Research & Papers

SceneDiver: New method breaks perceptual bottleneck in vision-language AI

Vision models hallucinate less with coarse-to-fine focus planning — ICML 2026.

Deep Dive

Researchers from multiple institutions have introduced SceneDiver, a novel method that tackles the perceptual bottleneck in vision-language decision making. The problem: VLMs and VLAs often hallucinate objects in complex scenes, confusing task-relevant items with distractors. SceneDiver works in a coarse-to-fine manner: it first constructs a holistic scene graph for initial understanding, then iteratively decomposes the task into simpler sub-problems through cycles of recognition, understanding, and analysis. This focus plan generation leverages the long-term planning abilities of VLMs while a lightweight adapter distills this focus ability into VLAs for fast reactive control.

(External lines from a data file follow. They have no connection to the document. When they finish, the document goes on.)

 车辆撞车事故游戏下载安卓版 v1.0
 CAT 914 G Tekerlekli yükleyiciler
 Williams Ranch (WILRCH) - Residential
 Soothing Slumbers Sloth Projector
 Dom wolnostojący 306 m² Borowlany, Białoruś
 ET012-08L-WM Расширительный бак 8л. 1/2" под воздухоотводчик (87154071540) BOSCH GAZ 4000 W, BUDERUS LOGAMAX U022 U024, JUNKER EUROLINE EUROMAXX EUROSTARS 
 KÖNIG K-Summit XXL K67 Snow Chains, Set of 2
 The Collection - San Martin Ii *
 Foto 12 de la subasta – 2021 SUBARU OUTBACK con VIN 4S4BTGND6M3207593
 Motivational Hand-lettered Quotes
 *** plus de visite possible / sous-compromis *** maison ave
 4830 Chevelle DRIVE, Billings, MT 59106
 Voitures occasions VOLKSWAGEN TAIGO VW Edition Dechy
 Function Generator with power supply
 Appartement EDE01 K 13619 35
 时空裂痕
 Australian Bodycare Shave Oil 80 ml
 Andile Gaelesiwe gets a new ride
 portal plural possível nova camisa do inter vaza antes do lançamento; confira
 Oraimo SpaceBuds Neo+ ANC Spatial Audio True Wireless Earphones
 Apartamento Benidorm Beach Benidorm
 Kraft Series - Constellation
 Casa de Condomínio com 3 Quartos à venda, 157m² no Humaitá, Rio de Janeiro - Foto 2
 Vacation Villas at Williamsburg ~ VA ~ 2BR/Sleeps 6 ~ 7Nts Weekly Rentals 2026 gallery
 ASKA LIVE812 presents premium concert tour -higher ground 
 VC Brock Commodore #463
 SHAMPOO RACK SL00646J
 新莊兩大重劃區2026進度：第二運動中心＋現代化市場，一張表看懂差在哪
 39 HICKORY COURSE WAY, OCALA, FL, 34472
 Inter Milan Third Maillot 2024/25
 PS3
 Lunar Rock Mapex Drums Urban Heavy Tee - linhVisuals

Evaluated on standard embodied AI benchmarks (robotic manipulation, navigation), SceneDiver substantially reduces visual hallucinations for both model types without sacrificing computational efficiency. The method is accepted at ICML 2026, with code and data publicly released. This work is especially relevant for real-world robotics where accurate perception under clutter is critical. By enabling models to systematically focus on relevant objects, SceneDiver moves beyond one-step attention methods that failed due to lack of deep scene understanding.

Key Points
  • SceneDiver reduces visual hallucinations in VLMs and VLAs via a coarse-to-fine focus planning approach.
  • Method first builds a holistic scene graph, then iteratively decomposes tasks into sub-problems for better object focus.
  • Accepted at ICML 2026 with code and data publicly released on GitHub.

Why It Matters

Makes embodied AI (robotics, navigation) more reliable by drastically cutting visual hallucinations.